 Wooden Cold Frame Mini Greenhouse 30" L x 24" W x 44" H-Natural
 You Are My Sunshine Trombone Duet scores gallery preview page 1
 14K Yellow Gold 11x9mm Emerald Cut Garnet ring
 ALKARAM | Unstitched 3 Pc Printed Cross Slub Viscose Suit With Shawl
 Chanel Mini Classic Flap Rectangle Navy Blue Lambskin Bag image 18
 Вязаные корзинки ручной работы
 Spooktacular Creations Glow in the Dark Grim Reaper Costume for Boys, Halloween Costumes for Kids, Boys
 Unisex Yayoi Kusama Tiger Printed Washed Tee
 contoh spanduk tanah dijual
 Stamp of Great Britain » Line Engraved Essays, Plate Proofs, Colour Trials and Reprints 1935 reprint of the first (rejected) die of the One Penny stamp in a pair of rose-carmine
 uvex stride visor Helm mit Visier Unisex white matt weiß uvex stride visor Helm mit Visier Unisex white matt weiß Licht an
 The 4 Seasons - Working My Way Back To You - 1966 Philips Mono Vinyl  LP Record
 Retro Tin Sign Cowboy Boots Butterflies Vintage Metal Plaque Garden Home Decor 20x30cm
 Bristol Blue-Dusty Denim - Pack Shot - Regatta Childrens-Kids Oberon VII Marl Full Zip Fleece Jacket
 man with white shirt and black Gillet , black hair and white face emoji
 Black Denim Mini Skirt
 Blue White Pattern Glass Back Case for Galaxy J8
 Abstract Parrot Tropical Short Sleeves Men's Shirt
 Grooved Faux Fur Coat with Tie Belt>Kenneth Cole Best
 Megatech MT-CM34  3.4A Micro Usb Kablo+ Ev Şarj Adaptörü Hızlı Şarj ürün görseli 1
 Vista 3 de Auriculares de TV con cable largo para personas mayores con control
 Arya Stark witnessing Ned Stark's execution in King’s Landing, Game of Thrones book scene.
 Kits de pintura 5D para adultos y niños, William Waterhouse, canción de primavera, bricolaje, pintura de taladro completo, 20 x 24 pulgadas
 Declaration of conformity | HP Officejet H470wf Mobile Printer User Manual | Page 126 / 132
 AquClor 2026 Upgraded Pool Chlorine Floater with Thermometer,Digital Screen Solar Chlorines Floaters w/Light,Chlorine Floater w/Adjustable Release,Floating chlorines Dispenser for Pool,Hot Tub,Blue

Directions: All the entries should be written out again precisely.

Answer for the task:
 Wooden Cold Frame Mini Greenhouse 30" L x 24" W x 44" H-Natural
 You Are My Sunshine Trombone Duet scores gallery preview page 1
 14K Yellow Gold 11x9mm Emerald Cut Garnet ring
 ALKARAM | Unstitched 3 Pc Printed Cross Slub Viscose Suit With Shawl
 Chanel Mini Classic Flap Rectangle Navy Blue Lambskin Bag image 18
 Вязаные корзинки ручной работы
 Spooktacular Creations Glow in the Dark Grim Reaper Costume for Boys, Halloween Costumes for Kids, Boys
 Unisex Yayoi Kusama Tiger Printed Washed Tee
 contoh spanduk tanah dijual
 Stamp of Great Britain » Line Engraved Essays, Plate Proofs, Colour Trials and Reprints 1935 reprint of the first (rejected) die of the One Penny stamp in a pair of rose-carmine
 uvex stride visor Helm mit Visier Unisex white matt weiß uvex stride visor Helm mit Visier Unisex white matt weiß Licht an
 The 4 Seasons - Working My Way Back To You - 1966 Philips Mono Vinyl  LP Record
 Retro Tin Sign Cowboy Boots Butterflies Vintage Metal Plaque Garden Home Decor 20x30cm
 Bristol Blue-Dusty Denim - Pack Shot - Regatta Childrens-Kids Oberon VII Marl Full Zip Fleece Jacket
 man with white shirt and black Gillet , black hair and white face emoji
 Black Denim Mini Skirt
 Blue White Pattern Glass Back Case for Galaxy J8
 Abstract Parrot Tropical Short Sleeves Men's Shirt
 Grooved Faux Fur Coat with Tie Belt>Kenneth Cole Best
 Megatech MT-CM34  3.4A Micro Usb Kablo+ Ev Şarj Adaptörü Hızlı Şarj ürün görseli 1
 Vista 3 de Auriculares de TV con cable largo para personas mayores con control
 Arya Stark witnessing Ned Stark's execution in King’s Landing, Game of Thrones book scene.
 Kits de pintura 5D para adultos y niños, William Waterhouse, canción de primavera, bricolaje, pintura de taladro completo, 20 x 24 pulgadas
 Declaration of conformity | HP Officejet H470wf Mobile Printer User Manual | Page 126 / 132
 AquClor 2026 Upgraded Pool Chlorine Floater with Thermometer,Digital Screen Solar Chlorines Floaters w/Light,Chlorine Floater w/Adjustable Release,Floating chlorines Dispenser for Pool,Hot Tub,Blue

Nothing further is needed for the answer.